◆ RECORD EXTRACTS
"""
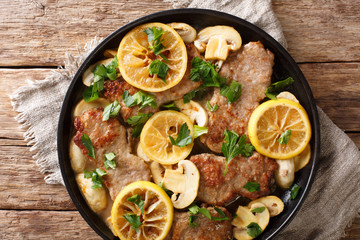 Italian main course veal scaloppini cooked with mushrooms and lemons in a spicy sauce, close-up. horizontal top view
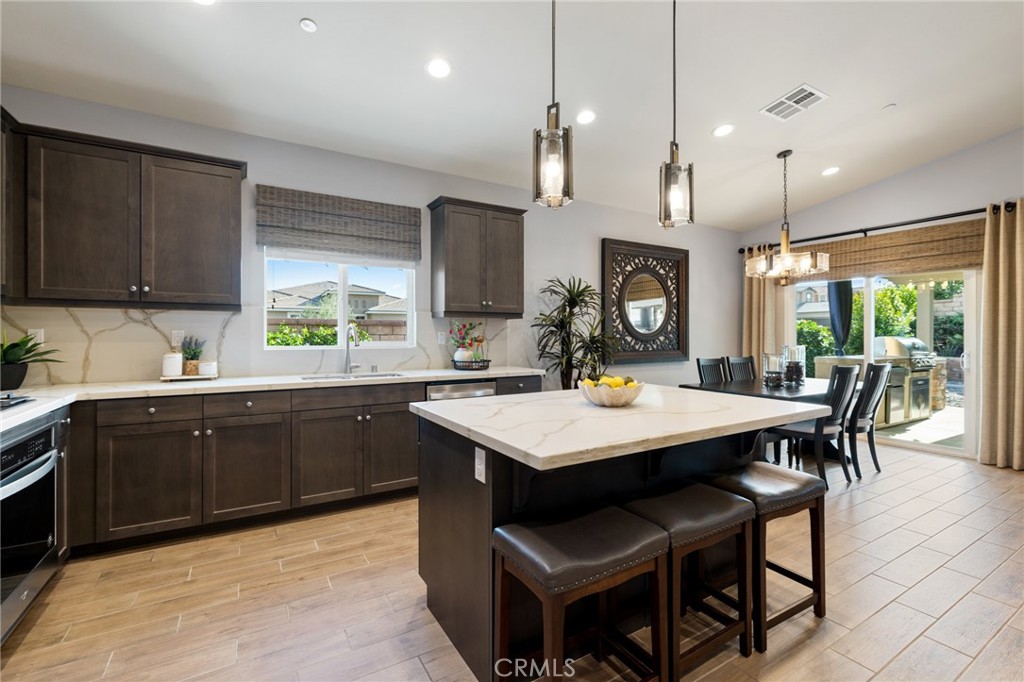 29981 Western Front Drive Menifee, CA 92584 - Photo 22 of 74 a kitchen with a stove a kitchen island a sink cabinets and wooden floor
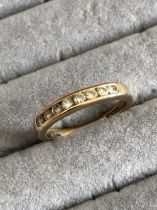 A 9ct HALLMARKED GOLD EIGHT STONE DIAMOND CHANNEL SET HALF ETERNITY RING. FINGER SIZE M. WEIGHT 2.
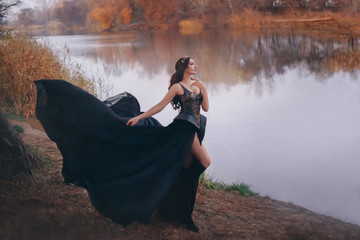 Beautiful attractive woman dark queen walks by river. Art photography. Princess warrior creative...
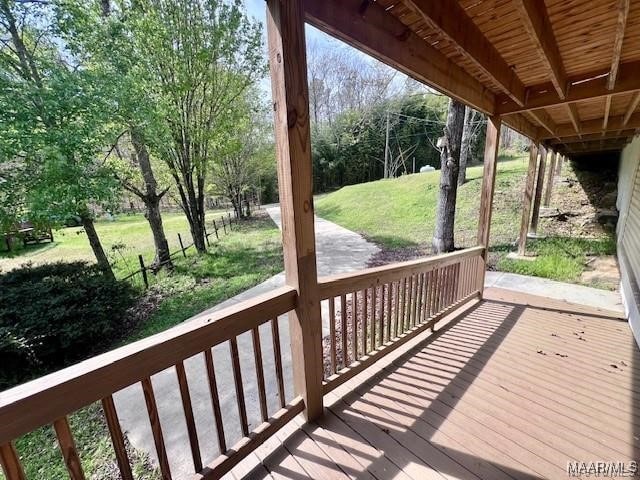 wooden deck featuring a yard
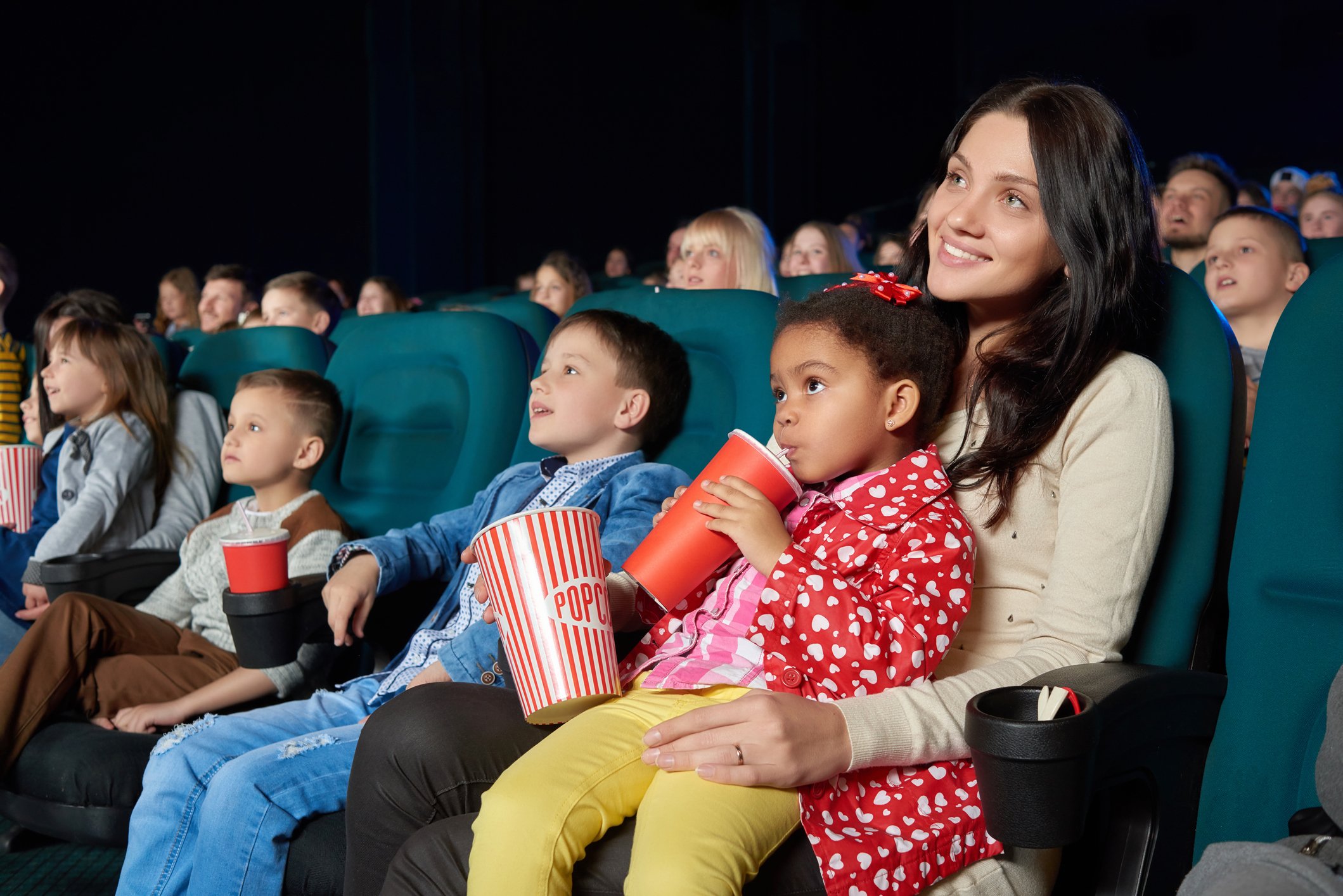 Kids watching a film in a movie theater.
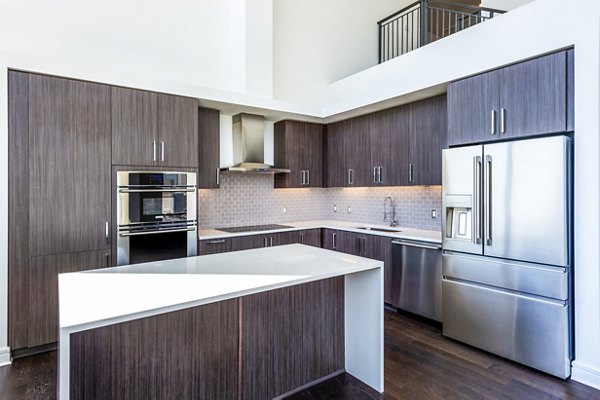 Contemporary kitchen featuring stainless steel appliances and marble countertops at The Travis Apartments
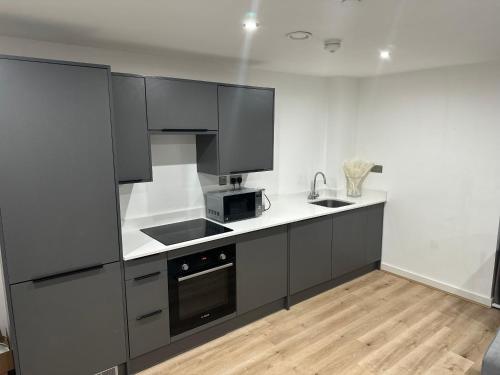 uma cozinha com armários a preto e branco e um micro-ondas em Luxury 2 Bedroom Apartment Located In Birmingham City Centre em Birmingham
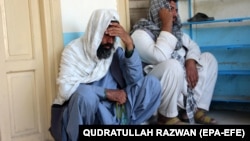 Relatives attend the funeral of an Afghan man who was killed in the suicide attack in Kandahar on March 21.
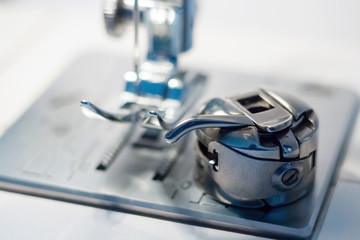 Sewing machine. Seamstress. Sewing machine Shuttle. Clothing manufacture.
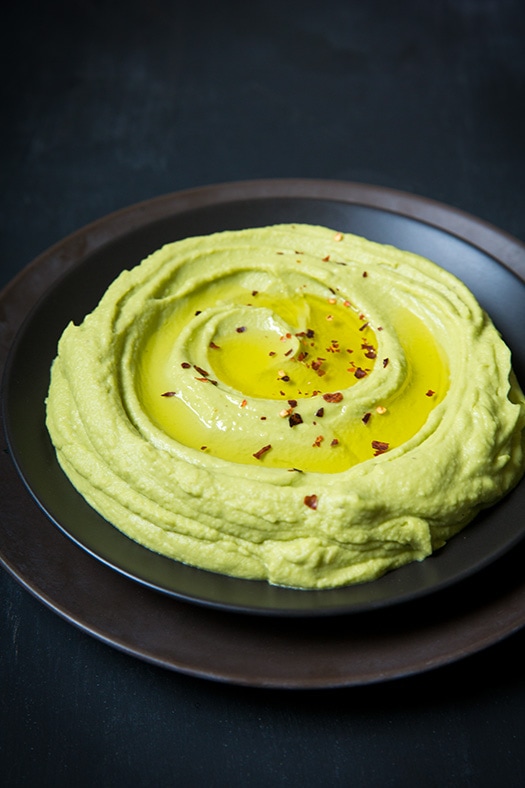 Avocado Hummus in a small black bowl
"""
◆ WHAT YOU WILL DO
An exact copy is needed. It runs from the line above containing "29981 Western Front" down to the line containing "uma cozinha com", both included, with no pictures.

◆ RESULT BELOW
 29981 Western Front Drive Menifee, CA 92584 - Photo 22 of 74 a kitchen with a stove a kitchen island a sink cabinets and wooden floor
 A 9ct HALLMARKED GOLD EIGHT STONE DIAMOND CHANNEL SET HALF ETERNITY RING. FINGER SIZE M. WEIGHT 2.
 Beautiful attractive woman dark queen walks by river. Art photography. Princess warrior creative...
 wooden deck featuring a yard
 Kids watching a film in a movie theater.
 Contemporary kitchen featuring stainless steel appliances and marble countertops at The Travis Apartments
 uma cozinha com armários a preto e branco e um micro-ondas em Luxury 2 Bedroom Apartment Located In Birmingham City Centre em Birmingham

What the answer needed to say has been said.